» **Task inputs**
--

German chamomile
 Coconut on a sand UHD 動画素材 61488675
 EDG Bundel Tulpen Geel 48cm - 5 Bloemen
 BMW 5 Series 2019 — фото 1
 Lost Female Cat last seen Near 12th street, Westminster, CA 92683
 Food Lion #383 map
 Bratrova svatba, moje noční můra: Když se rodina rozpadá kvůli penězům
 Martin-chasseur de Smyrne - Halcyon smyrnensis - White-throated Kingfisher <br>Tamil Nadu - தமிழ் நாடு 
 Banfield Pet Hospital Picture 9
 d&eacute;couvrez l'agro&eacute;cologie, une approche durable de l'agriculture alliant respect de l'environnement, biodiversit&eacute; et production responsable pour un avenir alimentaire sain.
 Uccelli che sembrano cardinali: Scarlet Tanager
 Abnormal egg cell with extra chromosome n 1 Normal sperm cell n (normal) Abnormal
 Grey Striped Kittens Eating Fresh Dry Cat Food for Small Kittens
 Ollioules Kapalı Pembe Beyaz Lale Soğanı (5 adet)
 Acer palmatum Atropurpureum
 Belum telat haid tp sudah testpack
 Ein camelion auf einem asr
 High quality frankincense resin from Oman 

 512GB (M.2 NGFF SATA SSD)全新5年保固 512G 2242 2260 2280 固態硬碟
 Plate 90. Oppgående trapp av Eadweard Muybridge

--

» **Your goal**
Only the lines from the one containing "Ollioules Kapalı Pembe" through the end of the material should be reproduced, exactly, with both ends included.

» **Reply**
 Ollioules Kapalı Pembe Beyaz Lale Soğanı (5 adet)
 Acer palmatum Atropurpureum
 Belum telat haid tp sudah testpack
 Ein camelion auf einem asr
 High quality frankincense resin from Oman 

 512GB (M.2 NGFF SATA SSD)全新5年保固 512G 2242 2260 2280 固態硬碟
 Plate 90. Oppgående trapp av Eadweard Muybridge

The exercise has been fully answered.